Every line containing the string "Womens" is to be copied from the records.

(Extracted records)
"""
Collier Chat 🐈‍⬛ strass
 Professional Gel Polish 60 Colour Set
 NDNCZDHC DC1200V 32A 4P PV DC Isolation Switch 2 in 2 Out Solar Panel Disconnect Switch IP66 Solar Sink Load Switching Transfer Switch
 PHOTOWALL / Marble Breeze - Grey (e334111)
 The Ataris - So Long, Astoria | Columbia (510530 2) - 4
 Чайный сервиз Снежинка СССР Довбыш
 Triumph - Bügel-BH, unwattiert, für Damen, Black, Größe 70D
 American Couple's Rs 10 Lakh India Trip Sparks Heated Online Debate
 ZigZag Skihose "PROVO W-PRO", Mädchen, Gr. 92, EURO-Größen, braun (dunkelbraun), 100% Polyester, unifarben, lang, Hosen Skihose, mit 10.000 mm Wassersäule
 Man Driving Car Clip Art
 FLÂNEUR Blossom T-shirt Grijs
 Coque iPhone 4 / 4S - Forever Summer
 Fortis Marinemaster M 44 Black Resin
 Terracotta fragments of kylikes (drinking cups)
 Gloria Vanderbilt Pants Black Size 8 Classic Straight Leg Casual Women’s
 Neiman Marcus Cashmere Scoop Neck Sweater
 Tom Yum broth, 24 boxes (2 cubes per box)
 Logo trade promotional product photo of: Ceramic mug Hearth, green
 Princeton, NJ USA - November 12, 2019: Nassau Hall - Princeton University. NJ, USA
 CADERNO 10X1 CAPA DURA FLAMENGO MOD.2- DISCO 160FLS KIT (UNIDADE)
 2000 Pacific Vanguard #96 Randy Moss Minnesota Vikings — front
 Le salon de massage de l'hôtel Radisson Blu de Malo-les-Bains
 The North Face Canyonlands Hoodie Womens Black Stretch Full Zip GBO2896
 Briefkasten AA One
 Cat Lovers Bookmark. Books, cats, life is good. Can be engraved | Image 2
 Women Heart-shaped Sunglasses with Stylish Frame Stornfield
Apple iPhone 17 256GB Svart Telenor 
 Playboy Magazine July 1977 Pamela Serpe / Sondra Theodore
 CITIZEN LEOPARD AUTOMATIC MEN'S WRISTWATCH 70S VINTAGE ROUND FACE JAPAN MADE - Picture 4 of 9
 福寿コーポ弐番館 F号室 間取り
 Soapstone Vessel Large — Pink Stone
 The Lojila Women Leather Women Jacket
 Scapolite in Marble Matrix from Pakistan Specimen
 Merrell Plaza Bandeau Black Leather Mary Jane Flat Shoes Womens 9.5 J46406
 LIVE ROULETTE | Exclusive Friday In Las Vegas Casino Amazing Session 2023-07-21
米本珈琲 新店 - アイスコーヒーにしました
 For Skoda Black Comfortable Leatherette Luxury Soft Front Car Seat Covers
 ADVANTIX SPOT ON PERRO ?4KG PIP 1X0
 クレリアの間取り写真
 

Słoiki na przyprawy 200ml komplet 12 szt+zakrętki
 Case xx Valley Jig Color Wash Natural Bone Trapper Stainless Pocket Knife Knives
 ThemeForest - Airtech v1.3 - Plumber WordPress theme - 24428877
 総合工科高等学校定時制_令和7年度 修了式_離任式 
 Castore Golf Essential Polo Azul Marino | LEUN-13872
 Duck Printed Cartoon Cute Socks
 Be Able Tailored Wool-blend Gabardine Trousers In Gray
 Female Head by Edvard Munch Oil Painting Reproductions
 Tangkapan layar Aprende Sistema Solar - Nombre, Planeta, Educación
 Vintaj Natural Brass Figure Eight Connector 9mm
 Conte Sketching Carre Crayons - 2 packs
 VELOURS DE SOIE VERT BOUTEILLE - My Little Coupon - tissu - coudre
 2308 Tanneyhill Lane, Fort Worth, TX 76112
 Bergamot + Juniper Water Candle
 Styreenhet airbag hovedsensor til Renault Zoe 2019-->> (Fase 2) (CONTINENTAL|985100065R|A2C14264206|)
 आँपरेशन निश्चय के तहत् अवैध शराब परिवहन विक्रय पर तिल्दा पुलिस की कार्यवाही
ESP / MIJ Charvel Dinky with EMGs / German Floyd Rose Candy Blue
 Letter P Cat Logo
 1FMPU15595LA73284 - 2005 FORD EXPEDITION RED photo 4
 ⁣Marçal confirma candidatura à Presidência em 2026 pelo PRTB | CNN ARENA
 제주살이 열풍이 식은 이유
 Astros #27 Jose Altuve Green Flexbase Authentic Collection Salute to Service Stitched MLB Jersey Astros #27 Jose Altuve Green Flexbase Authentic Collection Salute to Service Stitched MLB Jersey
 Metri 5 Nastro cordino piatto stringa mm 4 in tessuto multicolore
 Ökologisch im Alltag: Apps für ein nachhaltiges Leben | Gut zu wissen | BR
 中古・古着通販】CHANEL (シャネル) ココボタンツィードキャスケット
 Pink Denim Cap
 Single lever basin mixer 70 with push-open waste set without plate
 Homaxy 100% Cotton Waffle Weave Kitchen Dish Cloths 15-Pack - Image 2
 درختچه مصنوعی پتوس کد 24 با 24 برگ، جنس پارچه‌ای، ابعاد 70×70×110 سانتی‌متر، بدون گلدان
"""
■ Solution to this exercise:
 The North Face Canyonlands Hoodie Womens Black Stretch Full Zip GBO2896
 Merrell Plaza Bandeau Black Leather Mary Jane Flat Shoes Womens 9.5 J46406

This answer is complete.